Judge in Meta case warns AI could 'obliterate' market for original works
The Meta logo, a keyboard, and robot hands are seen in this illustration taken January 27, 2025. REUTERS/Dado Ruvic/Illustration
(Reuters) - A skeptical federal judge in San Francisco on Thursday questioned Meta Platforms' argument that it can legally use copyrighted works without permission to train its artificial intelligence models.
In the first court hearing on a key question for the AI industry, U.S. District Judge Vince Chhabria grilled lawyers for both sides over Meta's request for a ruling that it made "fair use" of books by Junot Diaz, comedian Sarah Silverman and others to train its Llama large language model.
"You have companies using copyright-protected material to create a product that is capable of producing an infinite number of competing products," Chhabria told Meta's attorneys. "You are dramatically changing, you might even say obliterating, the market for that person's work, and you're saying that you don't even have to pay a license to that person."
"I just don't understand how that can be fair use," Chhabria said.

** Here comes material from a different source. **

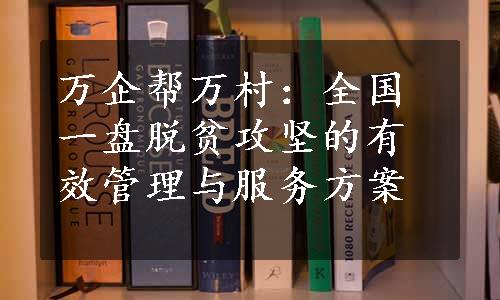 万企帮万村：全国一盘脱贫攻坚的有效管理与服务方案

The fair use question hangs over lawsuits brought by authors, news outlets and other copyright owners against companies including Meta, OpenAI and Anthropic. The legal doctrine allows for the use of copyrighted work without the copyright owner's permission under some circumstances.
The authors in the Meta case sued in 2023, arguing the company used pirated versions of their books to train Llama without permission or compensation.
Technology companies have said that being forced to pay copyright holders for their content could hamstring the burgeoning, multi-billion dollar AI industry. The defendants say their AI systems make fair use of copyrighted material by studying it to learn to create new, transformative content.
Plaintiffs counter that AI companies unlawfully copy their work to generate competing content that threatens their livelihoods.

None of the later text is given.